J’y ai présenté l’association serpsy. Un lien.
« Elle
Au lit
Et Hildegarde se pâme
Au chant du ménestrel » (1)
Des images naissent. Qui donc est cette Hildegarde ? Sûrement pas Hildegarde Peplau,
théoricienne du soin aux Etats-Unis, elle mit la relation au cœur du soin. La France
l’ignore. Hildegarde de Bingen ? Ce serait raccord avec la journée des droits de la femme.
Une bénédictine, une sainte au milieu de poèmes quasi-érotiques ? Compositrice, femme
de lettres, quatrième docteur de l’église après Catherine de Sienne et les deux Thérèse ?
Je me retrouve plongé au XII ème siècle.
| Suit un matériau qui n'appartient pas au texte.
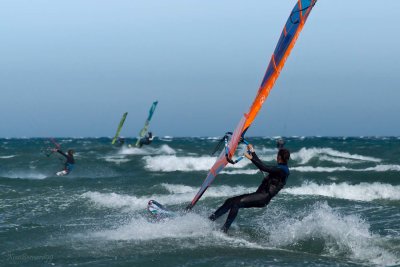Line of Wind  Surfers
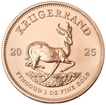 South African Mint zlatá mince Krugerrand 1 oz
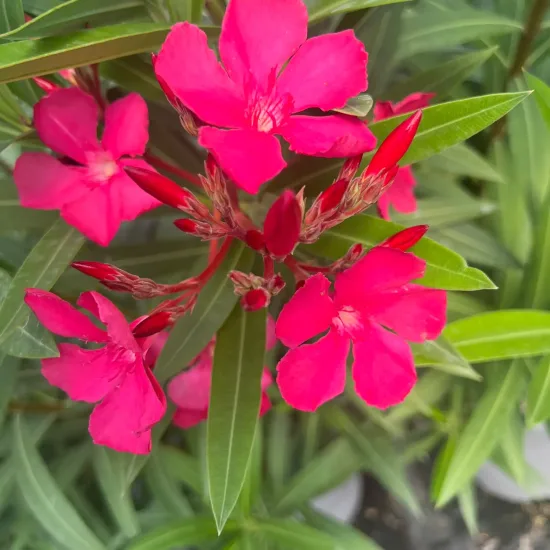 Laurier rose 'Rosanie' (Nerium oleander) — grappes de fleurs rose vif parmi un feuillage lancéolé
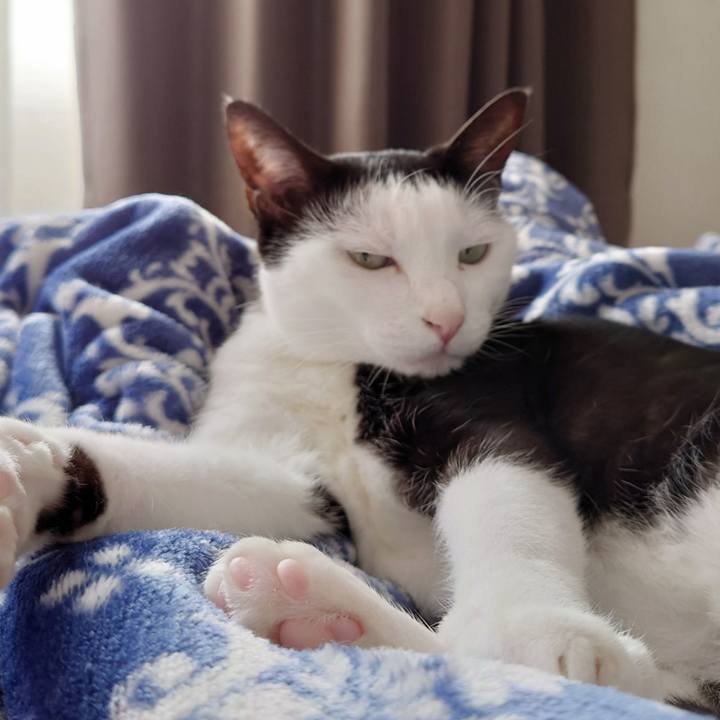 74a5e649 a2cf 492d bef2 4ebdb54fd1d7 1635812309358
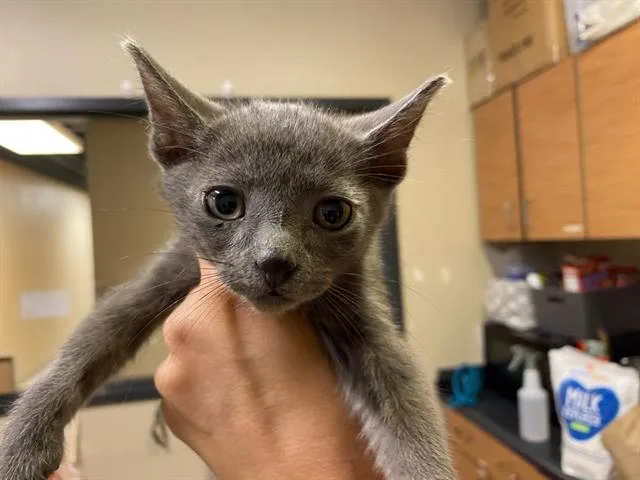 A baby small-sized male Domestic Short Hair cat named Zazu for adoption in Modesto, CA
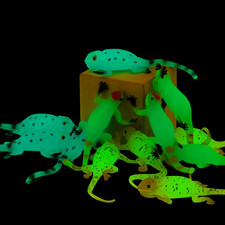 Glow in the Dark Lizard Set,12 Pack Stretchy Realistic Reptile Toy Set for for K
Je me rêve ménestrel. Je voyage bercé par les mots
de Simone, leur musique, les arabesques de la contrebasse. Mon tapis volant me mène
vers Bagdad, Samarkand. J’entends l’oud et le nay. Darbouka et qanûn les rejoignent.
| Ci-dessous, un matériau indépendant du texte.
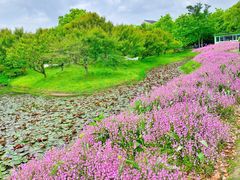 -花开海上生态园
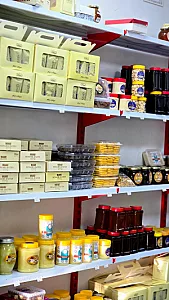 تولیکا ایلام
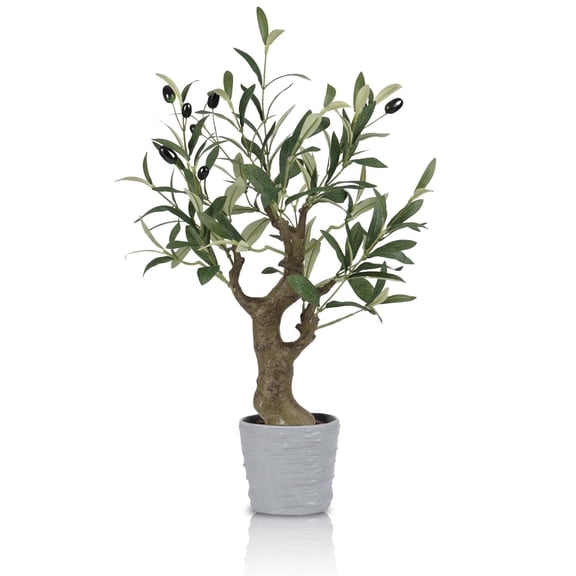 Small Artificial Olive Bonsai Tree Decor 20.5'' Tall Faux Olive Tree Potted Plant Desk Display with Bonsai Pot Decorative Greenery Realistic Wood for Home Office Countertop Kitchen Table Decor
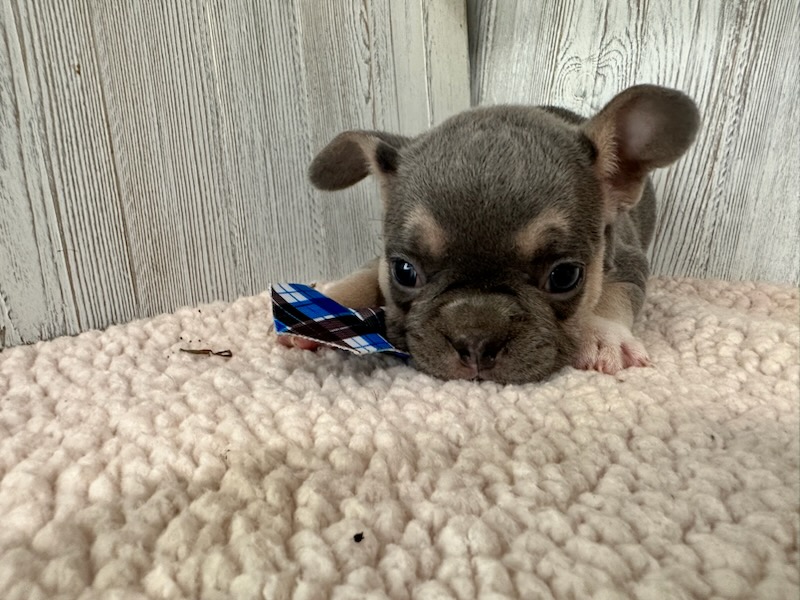 Frank | Blue & Tan French Bulldog Male | Available Sep 2025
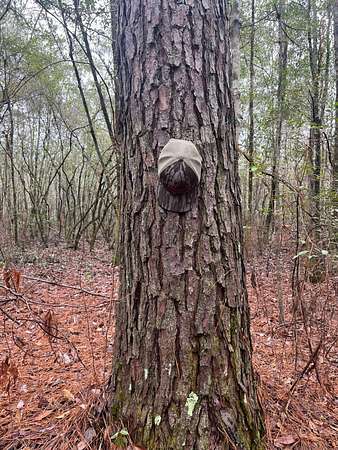 200 Acres of Recreational Land for Sale in Buckatunna, Mississippi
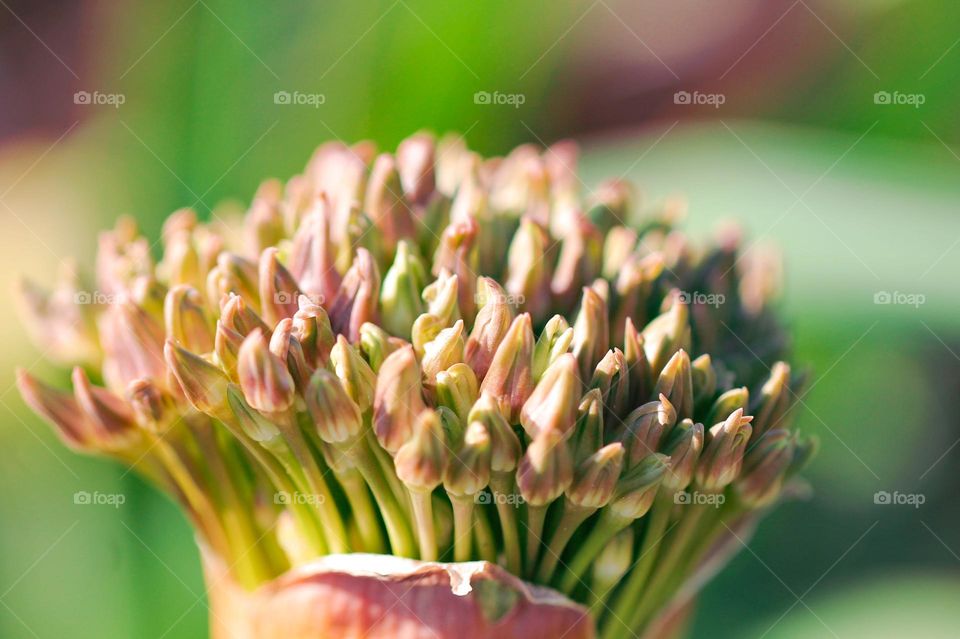 Spring brings surprises! This beautiful budding flower, whose name is unknown to this photographer, will open its tiny blossoms and present to us yet another of nature’s wonders. If anyone knows it’s name please comment!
Des musiques arabo-andalouses m’envoutent et me transportent dans un univers de
soieries et de loukoums.
« Elle et lui
Au lit
A l’envers du temps » (1)
La poésie vivante, vibrante de Simone m’emmène vers des rivages inconnus. Elle sait la
puissance de la parole qui apaise et nourrit la révolte. Elle sait ces mots que l’on pose sur
une feuille de papier et qui embrasent un monde. Ils naissent de l’écoute et du silence
que l’on fait en soi. Elle sait ce pas à pas du stylo ou du clavier qui s’acharne à décrire
l’oppression, à la donner à entendre jusque dans le ton de la voix et le rythme des
phrases.

1- Molina (S), Voile blanche sur fond d’écran, Ed La tête à l’envers, 2016.